Exercise aim: Among the entries below, count the lines that contain the word "Then". Write down only the total.

Entries provided:
....

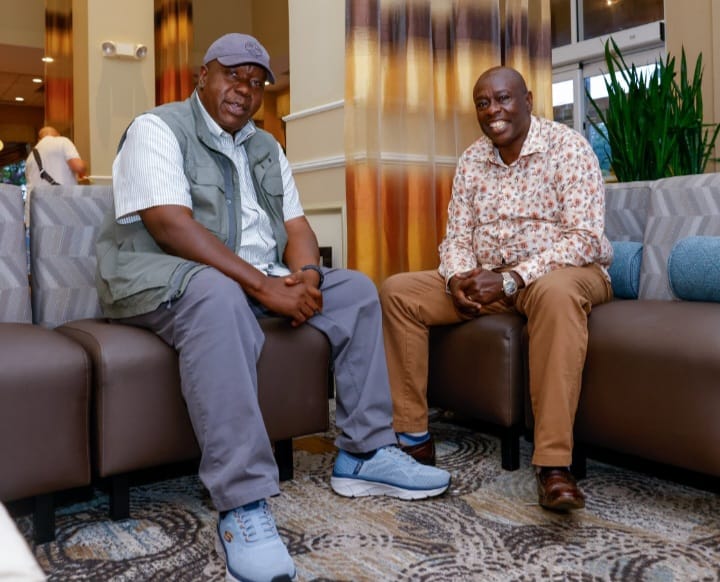AokoOtieno_'s tweet image. Recognizing Differences,
Then Finding a Common Ground,
Then setting aside those Differences,
Maneno ya sijui nani aombwe ruhusa before who goes to Mt. Kenya sasa iishe
The battle is loftier than egos. And the enemy is Ruto
Meanwhile, hata Gachagua recognizes Matiang'i…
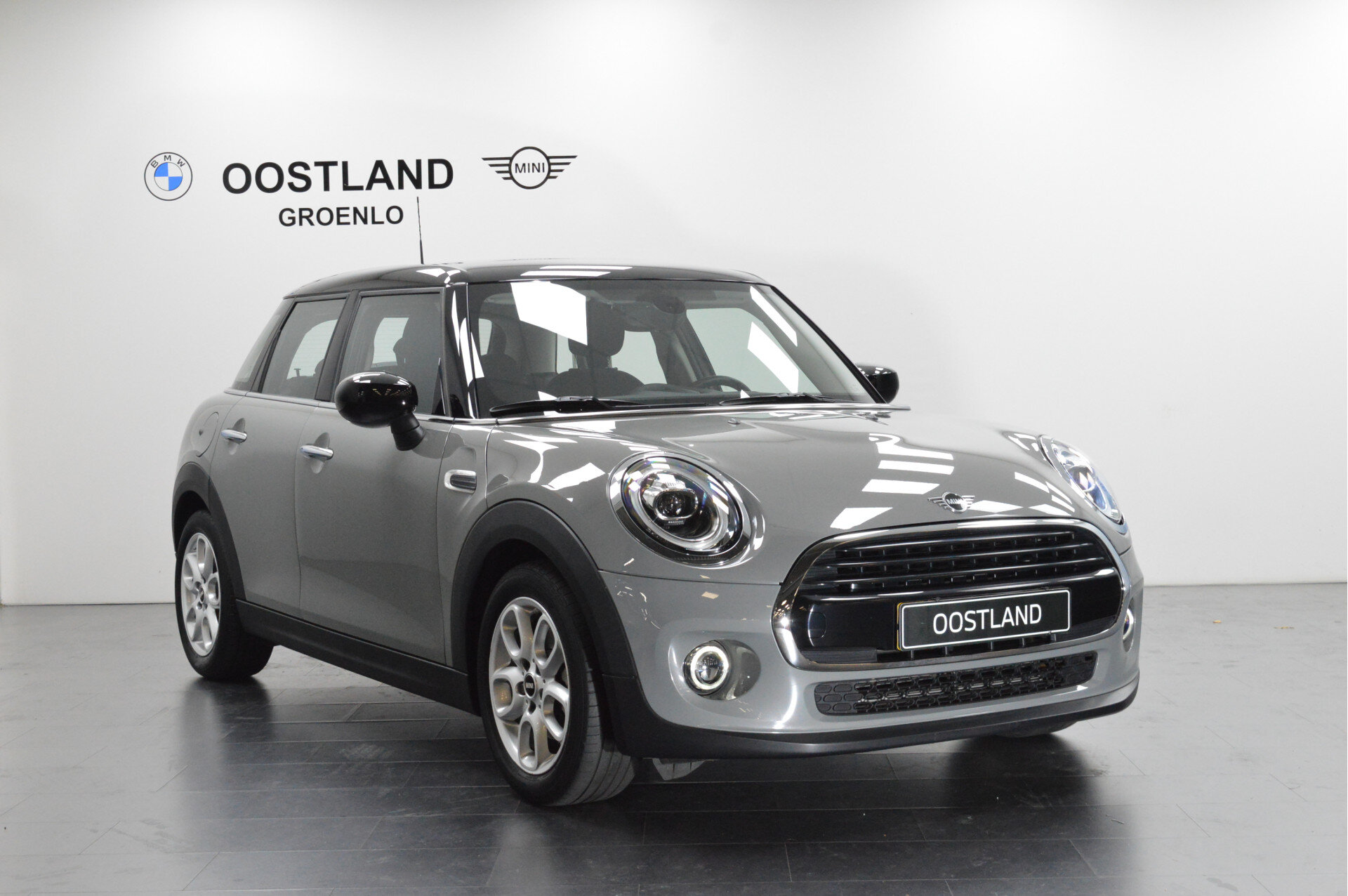 MINI Hatchback Cooper Automaat - Afbeelding 2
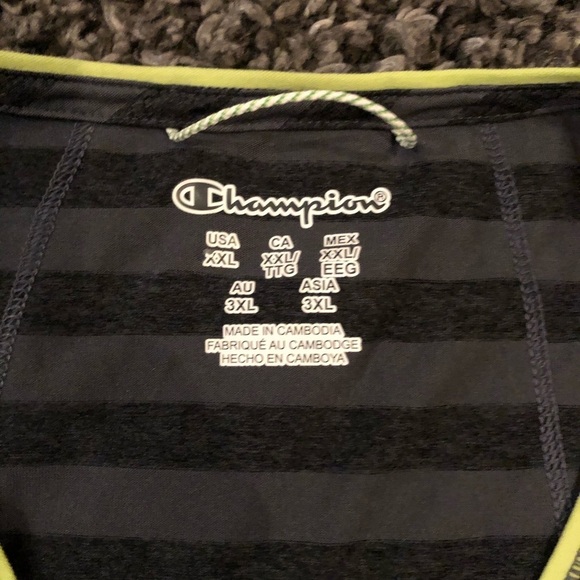 CHAMPION ladies t-shirt. EUC - Picture 2 of 6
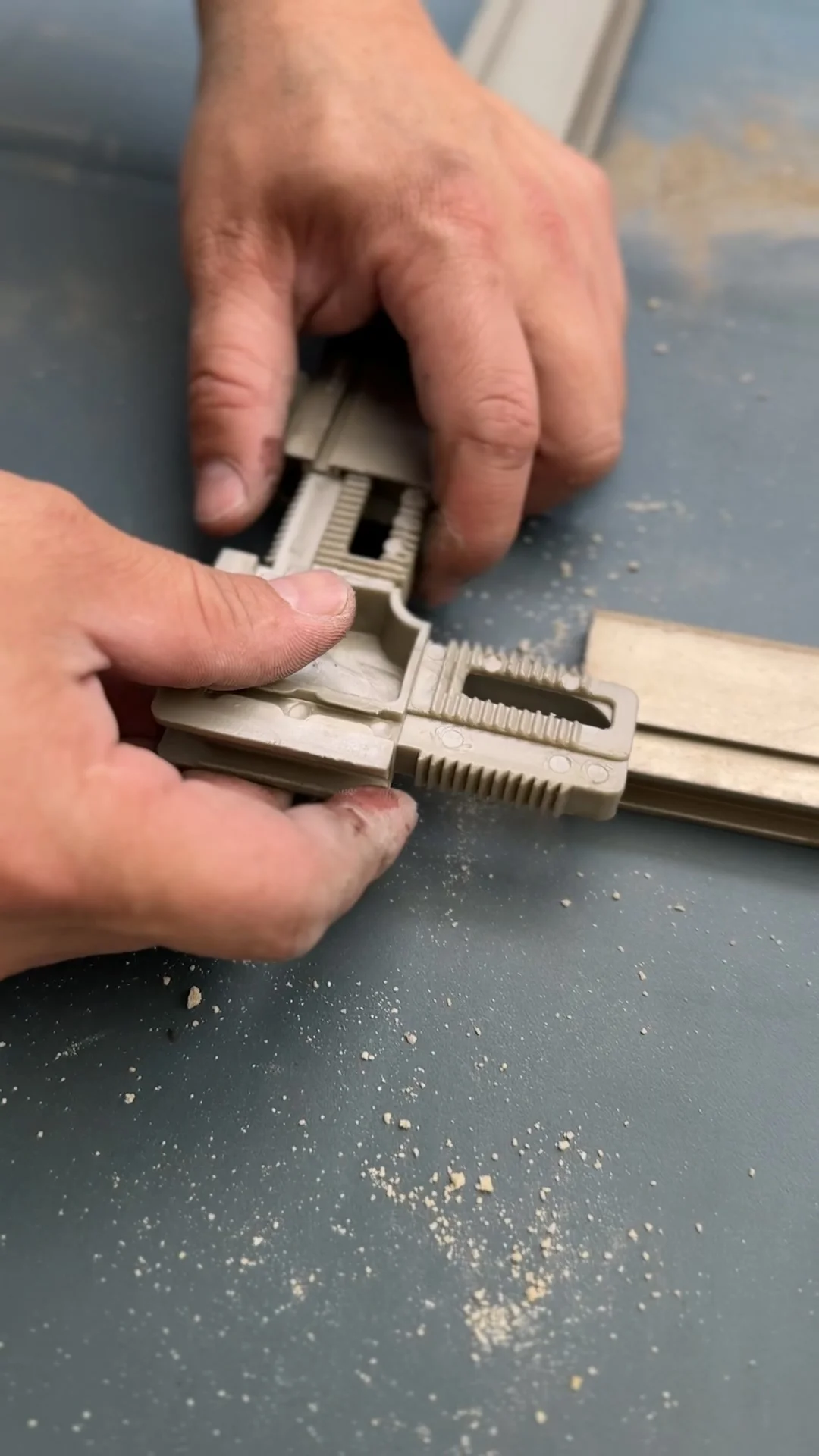 透天全屋更換，框體維修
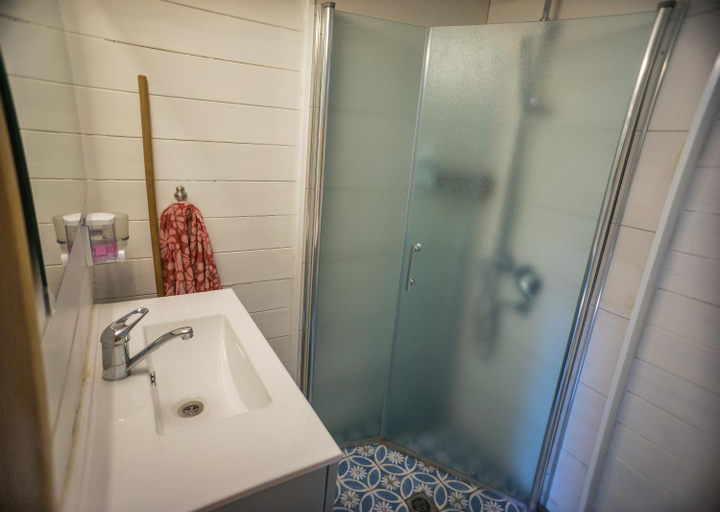 Bathroom 3, Provence in the Valley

....

Your response: 2